Today, Queen makes Moore Maker’s high-end line of blades. Some of these are made with Delrin handles, but most handles consist of natural materials like horn, stag, and bone.
Bear and Utica make Moore Maker’s less expensive products, but they are still of excellent quality. These companies manufacture their products to feature both Delrin and bone handles.
While Queen, Bear, and Utica are the leading Moore Maker knives manufacturer today, they weren’t the original ones.

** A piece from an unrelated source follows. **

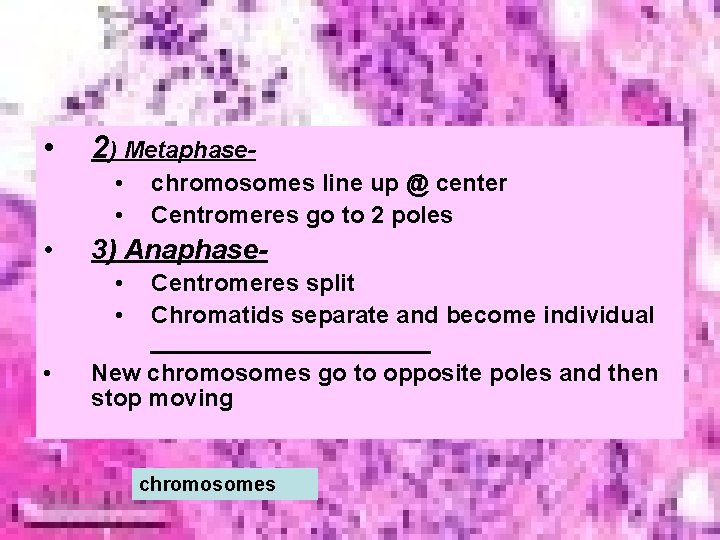  • 2) Metaphase • • • chromosomes line up @ center Centromeres go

We’ll dive into the contemporary ones later.
Where Are Moore Maker Knives Made?
The company manufactures all its products in the U.S. It subcontracts work out to American companies in multiple states.

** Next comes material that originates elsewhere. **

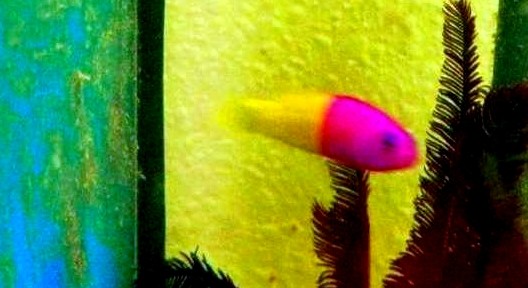 Pictichromis paccagnellae - Nymphen-Zwergbarsch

Even though the brand distributes the work to different businesses, it owns all materials and patents and most of the dies and jigs in its products.
Learning the History of Moore Maker Knives
Moore Maker knives history is quite fascinating. It all started in 1985 when Wayland and Glynard Moore founded the company. They established the brand’s roots in Matador, Texas, a small town located in the southern part of the Texas panhandle.
The founders believed this quaint town was the perfect spot for their business. Matador had an agriculture-based economy with cotton farming and cattle ranching as the two dominating industries, so there was a high demand for outdoorsman products.
The Moores started their journey by making buckles, spurs, and bits in their family garage. They soon move onto dehorners and bullnose fencing pliers. Eventually, they began to manufacture saddle pliers, knives, and other ranching and fencing tools.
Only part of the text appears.